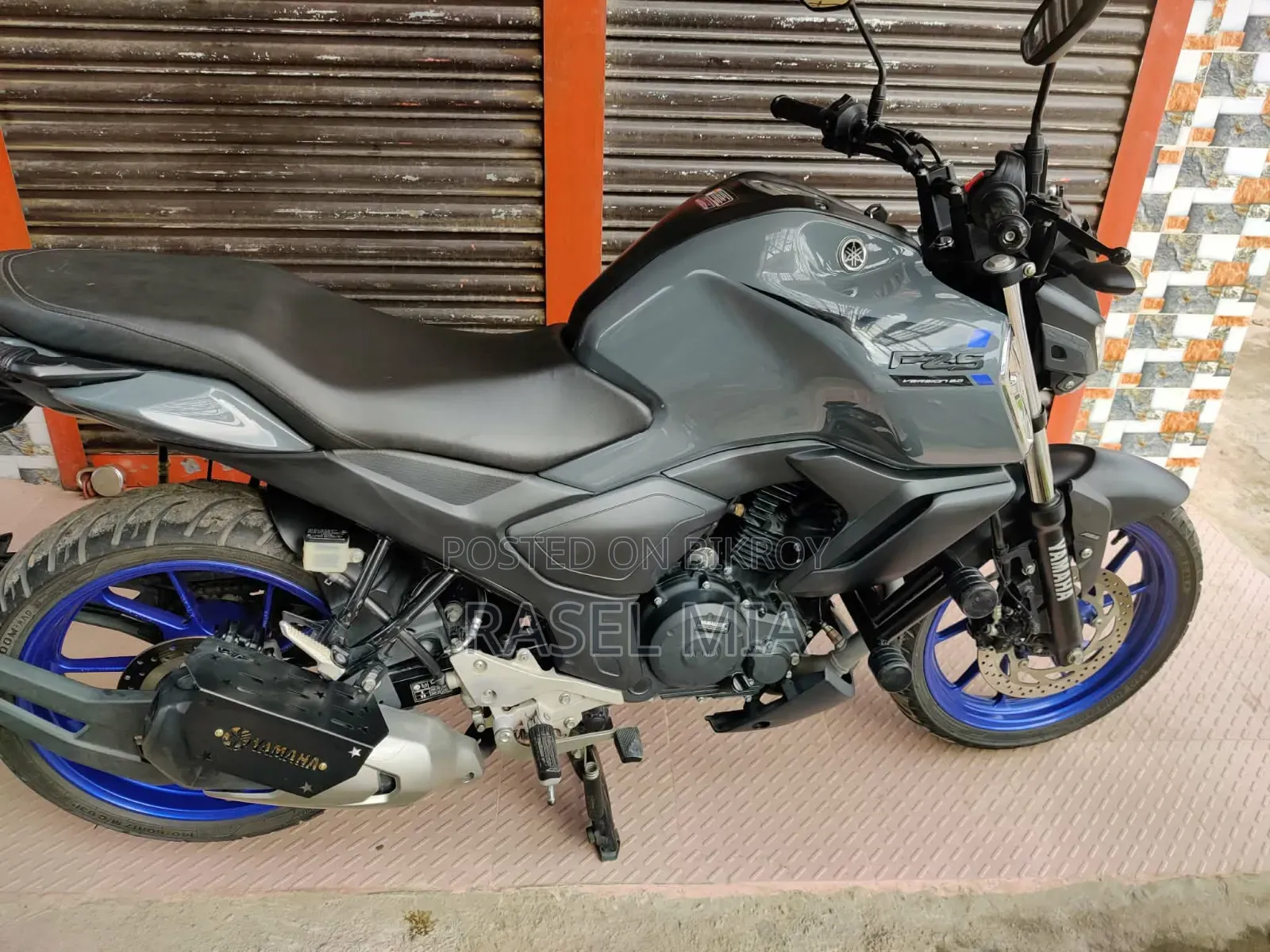 Yamaha FZS V3 2024 Gray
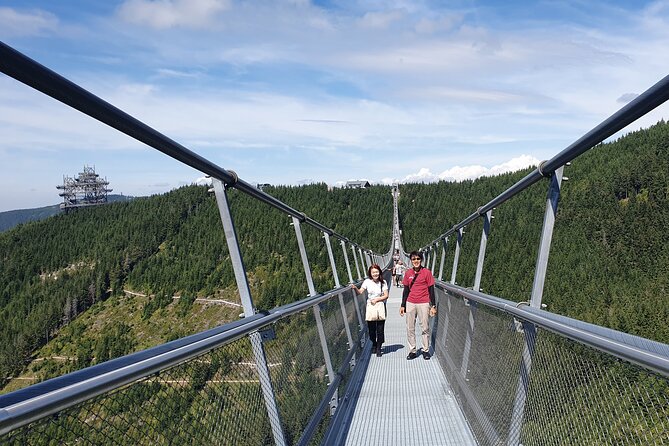 From Prague: Sky Bridge721 & The Sky Walk Tour Full-Day Epic Trip - Stop 4 and 5: Dolní Morava lunch at Hotel Jiřinka, then more time to enjoy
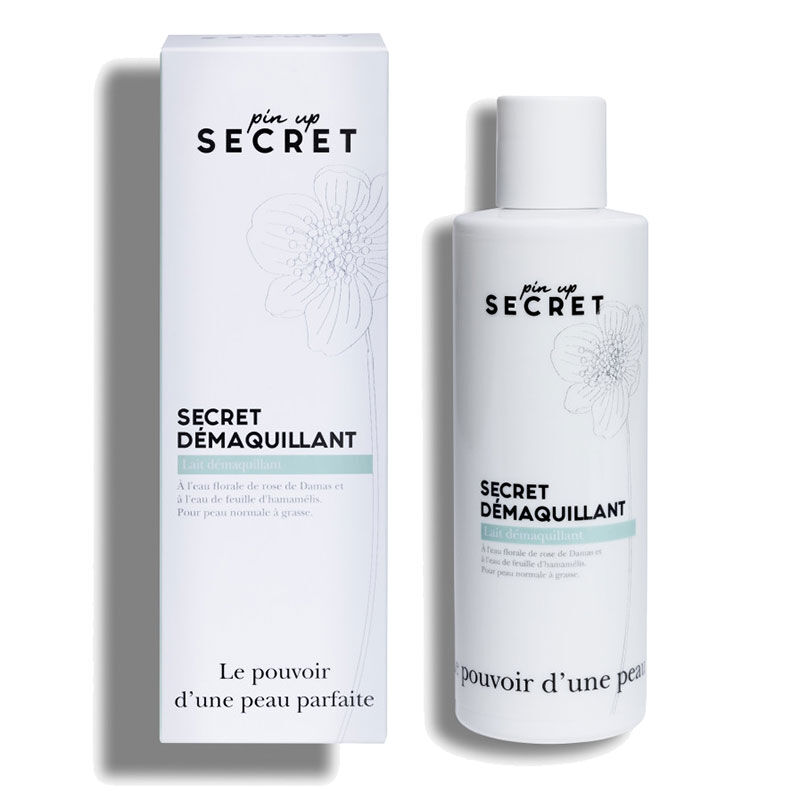Secret d&eacute;maquillant en lait peaux normales &agrave; grasses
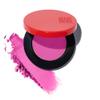 MAKE Beauty Skin Mimetic Microsuede Blush - Matte Powder Blush for Cheeks with Long Lasting Color - Non Comedogenic, Travel Size Makeup Single Palette. Shade - Fuchsia Flush (Pink) view 1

EXERCISE INSTRUCTIONS:
In your reply, every line of the material should appear exactly as written, and no picture should.

EXPECTED ANSWER:
 Yamaha FZS V3 2024 Gray
 From Prague: Sky Bridge721 & The Sky Walk Tour Full-Day Epic Trip - Stop 4 and 5: Dolní Morava lunch at Hotel Jiřinka, then more time to enjoy
Secret d&eacute;maquillant en lait peaux normales &agrave; grasses
 MAKE Beauty Skin Mimetic Microsuede Blush - Matte Powder Blush for Cheeks with Long Lasting Color - Non Comedogenic, Travel Size Makeup Single Palette. Shade - Fuchsia Flush (Pink) view 1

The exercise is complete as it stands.